Deng decides to leave the hospital after waiting to be treated for 14 hours. He contemplates suicide, and remembers considering taking his own life during his journey from Pochalla to Kakuma. He had been nearly blinded by an ocular disease, having to cling to whomever was walking in front of him as they marched. The rebel forces had split into two factions, so now there were yet more forces causing death and destruction in Sudan:

So many tens of thousands were lost this way, and the infighting, the brutality involved, allowed the world to turn an indifferent eye to the decimation of Sudan: the civil war became, to the world at large, too confusing to decipher, a mess of tribal conflicts with no clear heroes and villains (349).

Deng then talks about what happened with Tabitha, and how she was murdered by her ex-lover, Duluma, who had become obsessed and angry. Duluma had stabbed her 22 times and then jumped off an overpass, breaking his back but not dying. Deng wishes they had not waited to be together, but had assumed they had more time.

On the march, Deng collapses and waits to die, but a girl named Maria pulls him up and gets him moving again. They walk to the middle of a desert with 10,000 others, and are told this, the city of Lokichoggio, will be their home now. Lokichoggio is a dusty and desolate place. The refugees are there for nearly ten years, “in a place which no one, simply no one but the most desperate, would ever consider spending a day” (363). In his darkest times, he pictures her in his mind.

Book 2, Chapters 19-21 Analysis

Both Julian and Deng have been involved in wars. However, their situations are very different. Julian was in active combat zones in the Middle East, and saw a great deal of violence as a soldier. Not knowing Deng’s situation, Julian expresses his relief that Valentino did not fight in the war. What Julian does not know, of course, is that Valentino had no ability or power to fight, and instead was relegated to the status of victim of circumstance. Julian’s experience as a soldier colors his viewpoint, and he sees those who actively fought as having experienced the worst part of war, without being able to see the tribulations that the boys experienced as civilian targets.

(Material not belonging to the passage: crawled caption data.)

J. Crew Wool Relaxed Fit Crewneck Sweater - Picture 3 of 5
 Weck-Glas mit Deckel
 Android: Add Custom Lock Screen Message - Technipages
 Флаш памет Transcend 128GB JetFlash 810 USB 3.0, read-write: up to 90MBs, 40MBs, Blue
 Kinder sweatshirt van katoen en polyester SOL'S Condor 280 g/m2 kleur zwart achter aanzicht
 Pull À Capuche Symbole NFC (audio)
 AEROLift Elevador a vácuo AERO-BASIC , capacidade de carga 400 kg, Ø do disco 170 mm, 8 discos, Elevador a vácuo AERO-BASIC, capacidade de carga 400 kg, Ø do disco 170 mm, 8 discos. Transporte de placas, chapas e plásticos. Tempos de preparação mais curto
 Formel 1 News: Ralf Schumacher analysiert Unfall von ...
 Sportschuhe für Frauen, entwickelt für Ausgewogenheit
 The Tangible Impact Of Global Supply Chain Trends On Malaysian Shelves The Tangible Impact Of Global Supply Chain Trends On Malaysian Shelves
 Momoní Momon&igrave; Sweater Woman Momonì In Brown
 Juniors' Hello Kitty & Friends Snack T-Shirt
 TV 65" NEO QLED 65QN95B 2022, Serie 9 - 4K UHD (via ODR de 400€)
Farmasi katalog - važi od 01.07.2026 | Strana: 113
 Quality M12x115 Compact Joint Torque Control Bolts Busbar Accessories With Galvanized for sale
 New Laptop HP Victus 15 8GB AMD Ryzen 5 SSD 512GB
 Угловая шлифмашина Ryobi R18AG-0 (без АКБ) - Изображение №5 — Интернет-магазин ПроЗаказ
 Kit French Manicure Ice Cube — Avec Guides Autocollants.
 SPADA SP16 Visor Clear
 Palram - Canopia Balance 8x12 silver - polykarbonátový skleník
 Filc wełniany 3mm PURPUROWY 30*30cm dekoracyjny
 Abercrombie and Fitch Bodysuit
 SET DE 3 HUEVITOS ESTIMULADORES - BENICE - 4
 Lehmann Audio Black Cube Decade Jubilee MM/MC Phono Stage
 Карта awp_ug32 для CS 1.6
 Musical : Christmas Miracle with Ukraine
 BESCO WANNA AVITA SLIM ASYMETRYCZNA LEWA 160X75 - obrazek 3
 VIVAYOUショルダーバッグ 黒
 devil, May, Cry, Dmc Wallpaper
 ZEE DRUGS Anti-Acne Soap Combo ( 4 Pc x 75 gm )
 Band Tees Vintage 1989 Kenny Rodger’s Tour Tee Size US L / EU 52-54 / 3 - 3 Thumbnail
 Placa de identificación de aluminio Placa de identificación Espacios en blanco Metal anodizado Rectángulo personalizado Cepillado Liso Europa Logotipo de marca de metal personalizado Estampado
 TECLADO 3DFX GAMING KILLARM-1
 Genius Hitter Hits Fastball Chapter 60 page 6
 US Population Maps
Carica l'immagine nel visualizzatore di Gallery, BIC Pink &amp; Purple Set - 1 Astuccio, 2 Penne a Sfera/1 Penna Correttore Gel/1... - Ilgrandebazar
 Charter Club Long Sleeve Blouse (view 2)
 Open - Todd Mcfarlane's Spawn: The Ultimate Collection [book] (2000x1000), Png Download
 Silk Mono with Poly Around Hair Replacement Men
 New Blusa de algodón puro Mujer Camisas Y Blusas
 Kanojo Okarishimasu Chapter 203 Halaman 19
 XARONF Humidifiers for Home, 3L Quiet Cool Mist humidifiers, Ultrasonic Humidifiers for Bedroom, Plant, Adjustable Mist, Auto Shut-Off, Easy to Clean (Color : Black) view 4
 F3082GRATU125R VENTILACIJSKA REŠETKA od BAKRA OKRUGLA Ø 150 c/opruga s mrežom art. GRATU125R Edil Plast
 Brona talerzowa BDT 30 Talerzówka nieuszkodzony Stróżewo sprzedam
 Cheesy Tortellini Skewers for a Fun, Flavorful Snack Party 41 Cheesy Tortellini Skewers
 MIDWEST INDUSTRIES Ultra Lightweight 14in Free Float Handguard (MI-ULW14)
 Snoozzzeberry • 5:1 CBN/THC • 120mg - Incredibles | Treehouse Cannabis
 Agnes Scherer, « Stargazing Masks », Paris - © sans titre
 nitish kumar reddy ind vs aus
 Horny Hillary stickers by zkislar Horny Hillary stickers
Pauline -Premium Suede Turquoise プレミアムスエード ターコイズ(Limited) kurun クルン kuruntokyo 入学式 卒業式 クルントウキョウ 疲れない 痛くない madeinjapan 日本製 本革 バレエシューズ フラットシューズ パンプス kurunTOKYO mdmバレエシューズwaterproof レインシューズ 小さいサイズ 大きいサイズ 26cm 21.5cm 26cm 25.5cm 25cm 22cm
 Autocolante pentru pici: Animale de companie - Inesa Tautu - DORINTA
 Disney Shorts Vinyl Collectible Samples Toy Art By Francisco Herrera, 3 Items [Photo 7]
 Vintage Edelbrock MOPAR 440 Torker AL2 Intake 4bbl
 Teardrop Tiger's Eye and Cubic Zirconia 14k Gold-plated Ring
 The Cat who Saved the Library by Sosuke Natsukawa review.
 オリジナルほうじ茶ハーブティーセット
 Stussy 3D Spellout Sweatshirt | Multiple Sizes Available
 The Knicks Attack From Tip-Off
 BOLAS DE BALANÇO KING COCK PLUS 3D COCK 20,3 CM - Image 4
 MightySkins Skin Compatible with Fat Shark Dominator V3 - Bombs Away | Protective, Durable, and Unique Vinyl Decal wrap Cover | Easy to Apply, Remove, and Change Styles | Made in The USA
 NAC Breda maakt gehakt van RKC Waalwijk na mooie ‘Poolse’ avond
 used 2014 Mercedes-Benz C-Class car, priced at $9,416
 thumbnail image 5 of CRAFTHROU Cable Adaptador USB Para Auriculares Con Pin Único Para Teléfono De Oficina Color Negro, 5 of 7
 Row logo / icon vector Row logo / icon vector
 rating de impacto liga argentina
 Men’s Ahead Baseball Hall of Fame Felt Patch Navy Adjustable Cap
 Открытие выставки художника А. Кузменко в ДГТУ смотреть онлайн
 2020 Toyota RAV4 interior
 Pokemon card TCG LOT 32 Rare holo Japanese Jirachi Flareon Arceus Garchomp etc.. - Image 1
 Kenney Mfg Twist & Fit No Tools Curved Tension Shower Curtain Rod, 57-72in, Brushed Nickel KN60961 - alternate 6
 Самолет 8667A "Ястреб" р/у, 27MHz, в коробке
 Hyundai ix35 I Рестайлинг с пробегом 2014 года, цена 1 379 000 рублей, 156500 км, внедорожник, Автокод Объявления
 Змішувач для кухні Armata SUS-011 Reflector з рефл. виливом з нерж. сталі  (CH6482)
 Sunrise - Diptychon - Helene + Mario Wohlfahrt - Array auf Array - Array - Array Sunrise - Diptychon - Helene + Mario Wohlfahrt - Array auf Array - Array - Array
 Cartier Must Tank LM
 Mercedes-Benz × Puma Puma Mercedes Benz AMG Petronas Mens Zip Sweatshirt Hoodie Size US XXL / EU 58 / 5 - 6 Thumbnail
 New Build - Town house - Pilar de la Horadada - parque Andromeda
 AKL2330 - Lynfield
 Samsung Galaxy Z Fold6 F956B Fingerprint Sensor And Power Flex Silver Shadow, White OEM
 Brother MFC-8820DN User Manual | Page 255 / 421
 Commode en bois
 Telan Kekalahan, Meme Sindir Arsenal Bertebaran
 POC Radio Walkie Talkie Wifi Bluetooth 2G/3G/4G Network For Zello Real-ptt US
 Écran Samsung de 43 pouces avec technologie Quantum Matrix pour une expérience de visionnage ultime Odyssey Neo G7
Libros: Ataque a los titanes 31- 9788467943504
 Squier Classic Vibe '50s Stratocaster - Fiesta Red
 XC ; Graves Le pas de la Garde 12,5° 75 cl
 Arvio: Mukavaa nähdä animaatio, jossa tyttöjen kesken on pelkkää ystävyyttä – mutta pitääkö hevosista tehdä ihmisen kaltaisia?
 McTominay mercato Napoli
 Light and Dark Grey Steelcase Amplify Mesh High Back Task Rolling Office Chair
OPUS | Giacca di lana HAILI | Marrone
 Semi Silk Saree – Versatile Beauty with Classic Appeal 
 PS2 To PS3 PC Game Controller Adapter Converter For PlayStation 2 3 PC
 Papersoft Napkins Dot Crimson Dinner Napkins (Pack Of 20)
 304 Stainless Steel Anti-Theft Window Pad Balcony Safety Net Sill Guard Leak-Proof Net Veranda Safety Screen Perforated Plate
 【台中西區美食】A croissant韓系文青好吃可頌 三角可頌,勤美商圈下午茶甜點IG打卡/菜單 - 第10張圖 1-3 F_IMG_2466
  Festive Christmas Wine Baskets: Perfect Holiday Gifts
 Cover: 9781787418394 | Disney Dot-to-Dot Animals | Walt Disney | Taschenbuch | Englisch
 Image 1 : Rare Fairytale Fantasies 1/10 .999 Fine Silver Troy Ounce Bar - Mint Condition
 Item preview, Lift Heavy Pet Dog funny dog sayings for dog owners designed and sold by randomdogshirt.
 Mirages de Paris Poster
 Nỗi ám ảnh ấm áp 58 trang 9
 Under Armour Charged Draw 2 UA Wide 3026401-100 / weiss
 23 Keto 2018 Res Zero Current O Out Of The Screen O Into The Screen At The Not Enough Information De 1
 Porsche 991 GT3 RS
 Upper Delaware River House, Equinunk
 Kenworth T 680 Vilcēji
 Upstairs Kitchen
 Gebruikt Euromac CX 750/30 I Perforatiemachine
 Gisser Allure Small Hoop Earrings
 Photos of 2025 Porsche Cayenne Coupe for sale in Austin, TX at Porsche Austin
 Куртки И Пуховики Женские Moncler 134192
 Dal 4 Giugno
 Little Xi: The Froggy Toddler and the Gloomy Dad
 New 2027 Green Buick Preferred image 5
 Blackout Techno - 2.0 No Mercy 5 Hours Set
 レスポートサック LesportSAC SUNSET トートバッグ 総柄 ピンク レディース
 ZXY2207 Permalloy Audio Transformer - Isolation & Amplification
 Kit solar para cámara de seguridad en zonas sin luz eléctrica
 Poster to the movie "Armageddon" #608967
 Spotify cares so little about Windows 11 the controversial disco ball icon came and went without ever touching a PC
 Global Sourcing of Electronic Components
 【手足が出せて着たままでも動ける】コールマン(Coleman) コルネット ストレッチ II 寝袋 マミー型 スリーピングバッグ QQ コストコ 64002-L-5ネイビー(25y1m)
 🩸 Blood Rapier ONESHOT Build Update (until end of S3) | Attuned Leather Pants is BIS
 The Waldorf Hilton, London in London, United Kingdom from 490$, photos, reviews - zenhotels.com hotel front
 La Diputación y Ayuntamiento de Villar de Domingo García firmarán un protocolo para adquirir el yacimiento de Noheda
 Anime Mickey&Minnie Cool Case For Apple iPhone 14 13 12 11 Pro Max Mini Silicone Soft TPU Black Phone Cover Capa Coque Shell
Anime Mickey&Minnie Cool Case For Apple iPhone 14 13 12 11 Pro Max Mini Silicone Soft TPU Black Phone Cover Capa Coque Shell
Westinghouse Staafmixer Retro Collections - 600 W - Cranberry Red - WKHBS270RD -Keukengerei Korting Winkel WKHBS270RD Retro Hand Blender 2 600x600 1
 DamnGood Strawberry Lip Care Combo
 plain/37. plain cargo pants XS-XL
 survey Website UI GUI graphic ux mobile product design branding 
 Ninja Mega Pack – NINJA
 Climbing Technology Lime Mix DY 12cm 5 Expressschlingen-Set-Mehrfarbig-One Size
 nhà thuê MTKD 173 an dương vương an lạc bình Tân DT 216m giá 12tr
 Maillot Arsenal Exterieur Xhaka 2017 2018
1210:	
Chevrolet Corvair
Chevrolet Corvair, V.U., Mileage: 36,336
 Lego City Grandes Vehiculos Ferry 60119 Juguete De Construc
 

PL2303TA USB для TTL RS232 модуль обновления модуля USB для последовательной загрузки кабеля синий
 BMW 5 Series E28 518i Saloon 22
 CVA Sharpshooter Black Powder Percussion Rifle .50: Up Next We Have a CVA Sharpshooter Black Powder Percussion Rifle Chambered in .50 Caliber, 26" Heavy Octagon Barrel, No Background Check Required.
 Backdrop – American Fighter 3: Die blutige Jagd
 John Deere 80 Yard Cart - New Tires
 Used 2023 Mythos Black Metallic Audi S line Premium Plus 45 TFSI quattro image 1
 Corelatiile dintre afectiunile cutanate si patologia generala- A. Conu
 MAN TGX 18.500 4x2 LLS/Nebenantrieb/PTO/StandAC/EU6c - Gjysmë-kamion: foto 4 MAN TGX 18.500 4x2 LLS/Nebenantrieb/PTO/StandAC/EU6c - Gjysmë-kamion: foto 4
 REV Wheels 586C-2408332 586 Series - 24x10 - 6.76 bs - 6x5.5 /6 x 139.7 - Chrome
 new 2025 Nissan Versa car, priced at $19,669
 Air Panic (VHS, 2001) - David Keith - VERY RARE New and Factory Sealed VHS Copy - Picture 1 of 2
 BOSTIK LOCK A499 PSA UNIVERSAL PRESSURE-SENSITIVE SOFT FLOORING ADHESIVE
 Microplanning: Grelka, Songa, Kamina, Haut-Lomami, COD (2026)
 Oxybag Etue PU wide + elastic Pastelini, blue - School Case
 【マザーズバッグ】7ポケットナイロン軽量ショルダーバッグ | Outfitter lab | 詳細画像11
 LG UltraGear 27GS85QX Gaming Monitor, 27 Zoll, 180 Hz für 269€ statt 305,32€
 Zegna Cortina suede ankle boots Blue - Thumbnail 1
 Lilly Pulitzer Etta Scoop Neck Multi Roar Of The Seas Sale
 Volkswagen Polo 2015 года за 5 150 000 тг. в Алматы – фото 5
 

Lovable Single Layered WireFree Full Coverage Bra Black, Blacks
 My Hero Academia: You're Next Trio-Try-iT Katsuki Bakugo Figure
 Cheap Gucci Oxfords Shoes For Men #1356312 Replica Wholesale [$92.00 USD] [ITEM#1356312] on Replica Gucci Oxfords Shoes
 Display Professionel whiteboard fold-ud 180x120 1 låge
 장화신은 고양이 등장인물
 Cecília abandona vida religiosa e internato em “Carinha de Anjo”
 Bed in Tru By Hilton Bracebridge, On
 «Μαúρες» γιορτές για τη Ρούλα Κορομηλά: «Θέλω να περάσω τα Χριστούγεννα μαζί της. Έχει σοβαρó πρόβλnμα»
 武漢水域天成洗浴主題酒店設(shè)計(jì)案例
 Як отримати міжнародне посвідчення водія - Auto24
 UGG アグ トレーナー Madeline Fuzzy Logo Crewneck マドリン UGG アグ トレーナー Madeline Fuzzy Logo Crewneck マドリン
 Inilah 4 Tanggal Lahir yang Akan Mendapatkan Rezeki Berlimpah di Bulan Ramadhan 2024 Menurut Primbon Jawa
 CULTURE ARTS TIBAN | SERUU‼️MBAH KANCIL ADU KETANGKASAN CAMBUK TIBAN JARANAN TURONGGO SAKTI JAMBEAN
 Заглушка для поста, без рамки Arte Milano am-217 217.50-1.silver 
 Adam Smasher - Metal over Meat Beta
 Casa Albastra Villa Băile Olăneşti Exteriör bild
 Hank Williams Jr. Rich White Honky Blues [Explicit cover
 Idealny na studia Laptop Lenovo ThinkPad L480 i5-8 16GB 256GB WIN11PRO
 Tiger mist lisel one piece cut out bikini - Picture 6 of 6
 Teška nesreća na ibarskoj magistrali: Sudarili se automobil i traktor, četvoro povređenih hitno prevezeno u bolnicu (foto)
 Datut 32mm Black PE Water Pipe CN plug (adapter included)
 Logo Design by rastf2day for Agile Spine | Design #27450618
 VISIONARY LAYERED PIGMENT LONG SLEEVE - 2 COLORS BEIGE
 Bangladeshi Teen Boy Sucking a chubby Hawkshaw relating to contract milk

Propaganda is an important tool in recruitment, and has proven itself as a rhetorical tactic for military efforts throughout history. The SPLA visits the refugee camp, working under the radar of the UN and aid workers, because they know what they are doing would be considered immoral on the world stage. They recruit the boys by weakening their resistance through singing songs together and chanting slogans. This provides a sense of identity and purpose, which is something that the boys have been lacking. The only thing that has kept them together is their shared suffering. The SPLA provides a sense of duty and nationalism. Studies have shown that cults recruit people similarly, targeting those without a strong sense of identity and without a group of peers they feel connected with. Just like those cults, the rebels target these youth, knowing they have only to offer a little incentive and in return they can fill their ranks with soldiers.

Ironically, the rebels’ extreme nationalism proves to be their undoing; they overplay their hand and try to impart their bloodlust on the children. They set out to create a division between refugees, bringing in prisoners from Pinyudo. They hurl invective as a rhetorical tactic, calling the prisoners “rapists” and “traitors,” despite no proof of wrongdoing. By instilling a sense of “otherness” in those prisoners, the propaganda machine further isolates the potential recruits from the other refugees. The tension this creates in the book is palpable; however their tactics fail when the lost boys see the grisly murders being carried out and are further traumatized by the violence.